LLIKE ALL OTHER federally regulated U.S. banks, Equitable Bank is required to run disaster recovery drills. But when one of those drills in 2003 showed that it took too long for the community bank to restore its Microsoft (Redmond, Wash.) Exchange Server, Equitable's IT head knew he needed to make a change.

"We spent an entire business week trying to restore Exchange from tape to dissimilar hardware," recalls Michael Block, IT officer for the bank. "We succeeded, but the time needed to recover was totally unacceptable," he adds.

Block began searching for a solution in late 2003 that would provide high availability of the bank's Exchange Server and SQL database -- which are housed at Equitable's Wauwatosa, Wis., headquarters -- over a wide area network (WAN) to 12 separate locations. As a major residential mortgage lender, the bank recognized that an inability for its remote locations to access the database posed a major risk to its lending operations, he explains.

In Search of the Perfect Clone

Equitable considered a number of vendors, including Computer Associates (Islandia, N.Y.), EMC (Hopkinton, Mass.), Veritas (now part of Cupertino, Calif.-based Symantec) and Double-Take Software (Southborough, Mass.). "All had compatibility but failed in some requirement -- such as cost, hardware or set-up [time]," Block says. "Some were too complex. We didn't want complexity."

While "cruising the Internet" searching for the term "high availability," Block says, he came across Austin, Texas-based Neverfail's continous availability solution. According to Block, the software "clones" a firm's primary server and critical applications to a secondary server and automatically switches to the backup machine if it detects a failure, avoiding downtime. "I thought they were perfect," he says.

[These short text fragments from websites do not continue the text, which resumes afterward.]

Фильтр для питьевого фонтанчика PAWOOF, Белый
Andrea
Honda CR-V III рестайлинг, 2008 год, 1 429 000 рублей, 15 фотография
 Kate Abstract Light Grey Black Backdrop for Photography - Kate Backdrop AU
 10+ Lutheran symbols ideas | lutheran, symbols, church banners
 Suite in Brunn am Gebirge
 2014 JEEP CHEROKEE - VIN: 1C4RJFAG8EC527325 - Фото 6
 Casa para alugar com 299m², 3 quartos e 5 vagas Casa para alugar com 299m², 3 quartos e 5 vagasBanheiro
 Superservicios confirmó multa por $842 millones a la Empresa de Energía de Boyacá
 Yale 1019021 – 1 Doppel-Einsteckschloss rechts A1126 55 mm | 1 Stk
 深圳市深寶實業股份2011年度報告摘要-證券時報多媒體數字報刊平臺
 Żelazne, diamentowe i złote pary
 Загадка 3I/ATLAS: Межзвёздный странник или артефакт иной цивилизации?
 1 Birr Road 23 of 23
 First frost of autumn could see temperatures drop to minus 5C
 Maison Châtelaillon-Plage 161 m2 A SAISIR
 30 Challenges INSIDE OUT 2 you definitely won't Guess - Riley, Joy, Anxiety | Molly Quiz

Neverfail includes what the company refers to as two "unique components" as part of its solution: the "heartbeat," which is technology that enables the replication of data from the active to the passive server -- over a LAN or WAN; and the "scope," which uses automated tools to gather and analyze information about key application components, services and performance attributes.

During a mid-2005 demo, Equitable installed the Neverfail software on just one computer in its disaster recovery site, which is located 15 miles from its main data center. Almost immediately after switching from the production server to the backup PC, Exchange was back up and running, Block reports.

"Within minutes we were sending and receiving e-mails on that computer. That was the acid test that resulted in our selection of Neverfail," he says, adding, "The ability [for Neverfail] to run the server on a desktop PC knocked my socks off."

Quick Install, Quick Results

The bank implemented the full Neverfail solution in June 2005, a process that took just four hours, Block says, noting that no formal training was required for the staff. This time, however, Equitable purchased a Microsoft Windows server to house the solution in its disaster recovery site.

"We are very pleased with the performance of the product," Blocks adds, pointing out that Neverfail doesn't require applications to be restarted following a disruption. In fact, when the bank recently was forced to switch to the backup server, he says, end users couldn't even tell the difference.


Institution: Equitable Bank (Wauwatosa, Wis.).

Assets: $600 million.

Business Challenge: Ensure continuous application availability and improve disaster recovery performance.

Solution: Neverfail's (Austin, Texas) continuous availability software.